Me: Weirdo. Have a good day.

“Who are you texting?” Sage asked, plopping on the couch and snuggling into my side. With a happy sigh, I wrapped my arm around her shoulders and pulled her tight against me, dropping a kiss on the top of her head.

“Totally ready for school? You grabbed your homework folder from the kitchen?”

I could practically feel the eye roll. “Yes. You already asked me about the folder last night.”

“Yeah, well, sometimes asking a question seventeen times is part of being a mom.”

She tapped my phone. “Yes, I’m ready. Yes, I have my lunch and a snack and my water bottle. Now who were you texting? Can I see?”

“My friend Ian. I told you about him last night.”
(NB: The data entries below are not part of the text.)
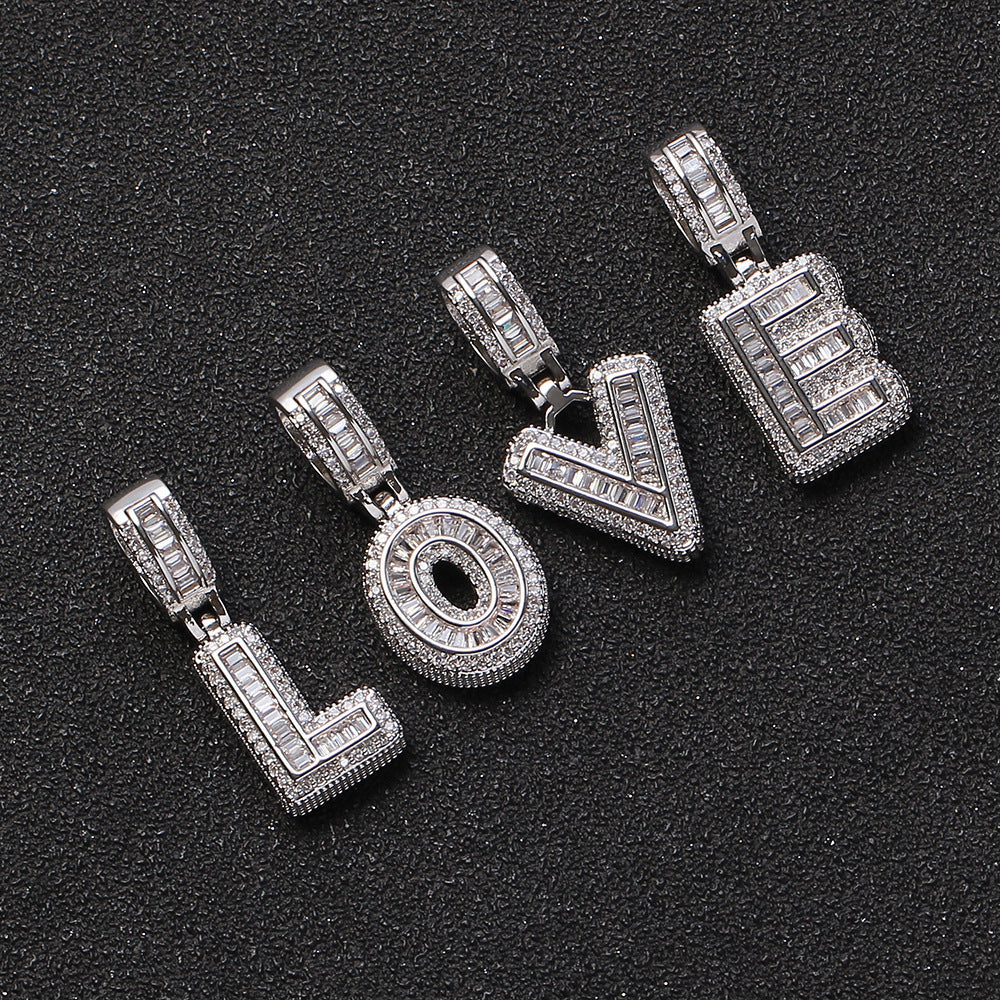 26 Letters Custom Full-Diamond Necklace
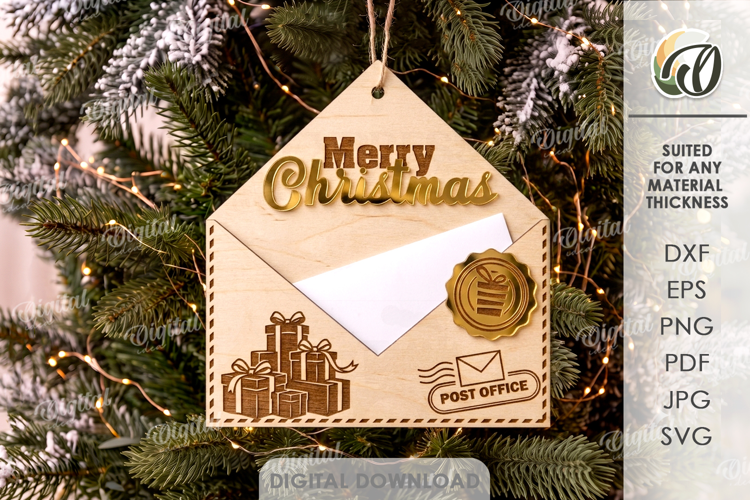 Letter To Santa Christmas Ornament Laser Cut. Christmas SVG
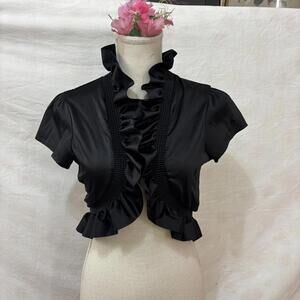 Y2K black satin bolero shrug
She nodded, trying to tilt my phone screen so she could read the text exchange. While she did, I settled into the sweet weight of her body against mine. Cuddling was a luxury I didn’t get from her as much anymore.

When she got to the end where he called me stubborn, she snorted. “Grandma says you’re stubborn too.”

Yeah, except Grandma’s use of the word held a bit of a different edge to it than Ian’s, but I decided not to point that out. “She does.”

“Seems like he knows you really well.”

I nodded. “From kindergarten until the end of high school, he was my best friend in the whole world.”

“You never talked about him while we were in New York,” she pointed out. My little skeptic.

It wasn’t like I could answer her truthfully. I didn’t talk about Ian because some subjects were left untouched out of sheer self-preservation.

So far, Sage hadn’t shown any sort of abandonment issues. No gaping, obvious wound from having no father in the picture to teach her a different perspective. That wound would show eventually, but I did my absolute best to be both parents.

There were a lot of really hard things about being a single mom. No one could shoulder any of the burden with me, especially when we were still in Manhattan. When I was sick or exhausted or sad, I was still the only person who could handle the shit that needed to be handled. But out of that hard grew a really special relationship between Sage and me.

We talked about everything, and I made it a point very early on that I wouldn’t hide the truth of my life from her because I wanted her to understand the trade-off of the choices we made in life.

It was probably the bias talking, but my kid was the absolute best. A million hard days were unquestionably worth it if it meant we had little pockets of good like this—a cuddle on the couch before she left for school.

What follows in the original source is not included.